So it can only be "realism" that's violated by QT.
These terms are always the focus of the discussions. In previous discussions I have tend to separate "causality" as in the the causal ordering you refer to, and the paradigm for causal mechanisms. This may have caused miscommunication.

The standard causal mechanism is somehow that in the view of of system dynamics, the future state depends only on the past states, as per a fixed eternal law(that we do not ask why questions about, we just "discover" them). This is the natural way we think of things in classical mechanics (ie. where obserers play no central role).

But in QM, it becomes important to think about what ontology we assign to the state spaces themselves, to understand in which space to apply the causal mechanisms? In which space does the real causal mechanism happen in QM?

What seems rational is that a single observers "expecation" of the infinitesimal future states, at least in the depends only on it's present knowledge, seems rational as otherwise one would have to add new information and the observer would have to make a measurement and the state revised. Statements about finite future times (as per fixed laws) does not follow from pure rationality arguments - it is empirical only.

The issue in Bells theorem is, just because you assume there are "hidden variables"(existing and beeing encoded by at least one observer), does this necessarily mean that expected future state as per onother observer, are causally depending on these variables? (like ignorance) I think, this does not follow from any logic I know of!

I think Bell assues it from the habit from the tradtional causal mechanisms, which IMO is intermixed with a notion of "realism" that assumes that "mechanisms" must have an objective description. This is a naive "realist type" of causal mechanism. I think it's instructional to see that insight shouldbe possible to get even before you find that QM violates the inequality I think.

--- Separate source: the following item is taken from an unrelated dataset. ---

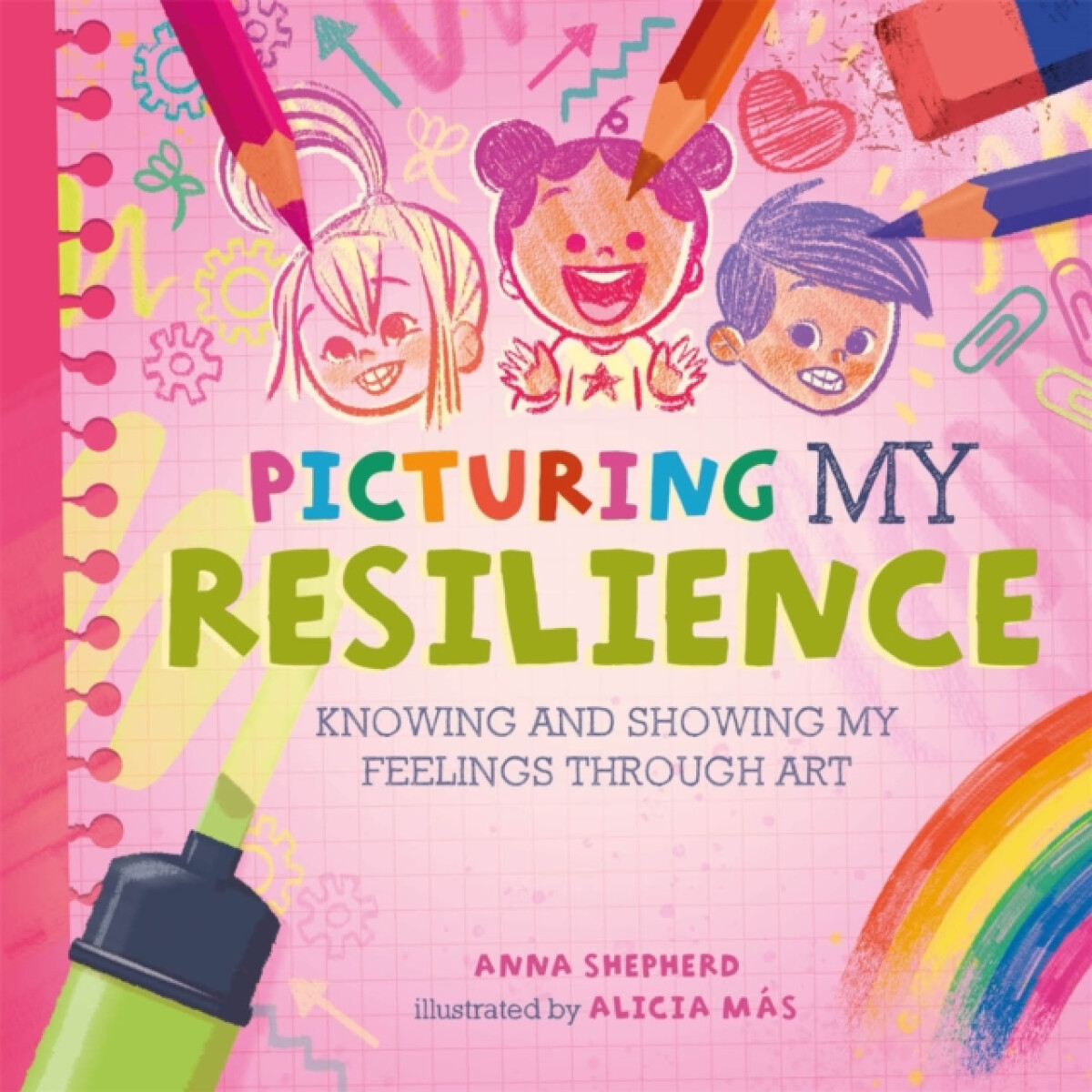 Kniha All the Colours of Me: Picturing My Resilience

I think this mixes the notions of "realism" and "causal mechanisms" as we talk about this! This is what makes QM hard to grasp think.

But suppose hidden variables of a system are real, in the senes that they are de facto existing in the system(inside observer) itself, but the nature of this is so that it is can not be communicated due to constraints to other external observers, then this hidden variable will still influence the expexcation of this one inside observer, and potentially explain causal mechanisms, but NOT the expectation of other observers. So a theory built in those principles, could as I see still employ hidden variables that can be thought of as real, and still violate bells theorem. But such theoy would not be deterministic or allow any observer to get rid of the randomness. This is why I would like to say that causal mechanism is just as suspsect as reality.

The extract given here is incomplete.